Basically, it's an animated love story (the characters are moved against drawn backgrounds, giving it a pleasing DIY effect) about some queer punks who meet at a show, leading to erotic adventures. The star is Green Eugene (all his hair is green), who takes one character home after a series of squabbles and slam dances.
Set to a variety of music (including 'Tell the Boys' by Sandie Shaw), the encounter is tender and sexy.
In Canada, you can get the video for $25 from Ms. Jones at the above address. In the U.S., you can reach Anonymous Boy (aka Tony Arena) at 321 W. 16th Street, Apt. 2W, NYC, NY, 10011 USA - but I don't know the price there.
GB Jones rules (so to speak - there should be no rulers except the working class - but it's a figure of speech, so lighten up...). For those who do not know her, she is a member of Toronto queergrrrl band Fifth Column, a contributor to 'zines JDs and Double Bill and a film-maker/artist/actress.

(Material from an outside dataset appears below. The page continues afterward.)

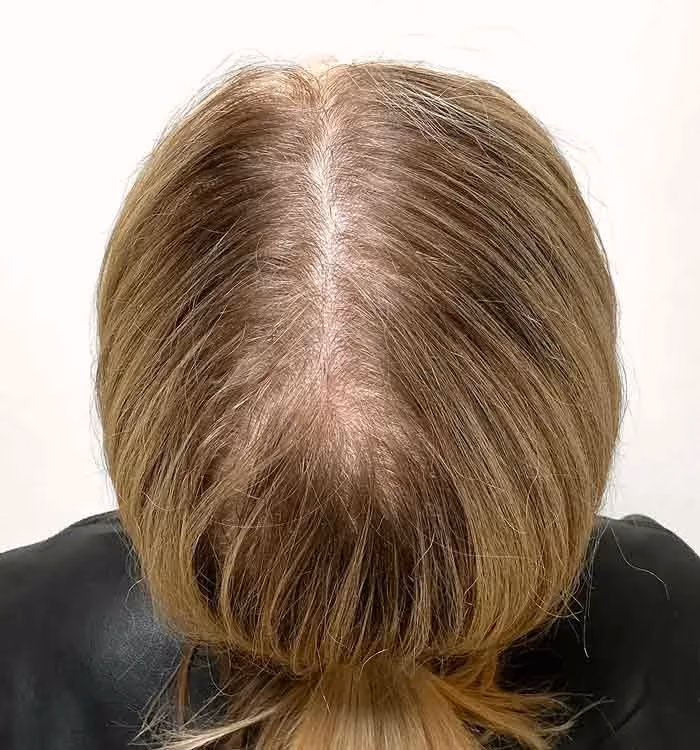 Vorher: Frau, 29 Jahre, Scheitel vor der regenerativen Haartherapie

This is just one of her works (but the only one I've seen). When shown at a queer film festival, some complained that it was homophobic because it showed girls fighting and beating up a gay man (who gets that treatment for not helping when it is needed).
The plot is simple. It's about rival grrl gangs and their various conflicts. There are songs, boy-boy and girl-girl sex scenes and punk divas, such as Leslie from Tribe 8 and Donna Dresch.
Yes, it's violent - but so's the world!
For film students, it would be a nightmare, since the audio is dubbed on afterwards without lip-synching and the picture quality is not conventional - but it's a document of a scene and a mind, so relax, folks, and take it for what it's worth - a lot.
I'd rather watch this than "Jeffery" any day - it rocks!
(1) ZERO PATIENCE - Great songs. Hard-edged AIDS politics. An
absurd plot. Fun, fun, fun.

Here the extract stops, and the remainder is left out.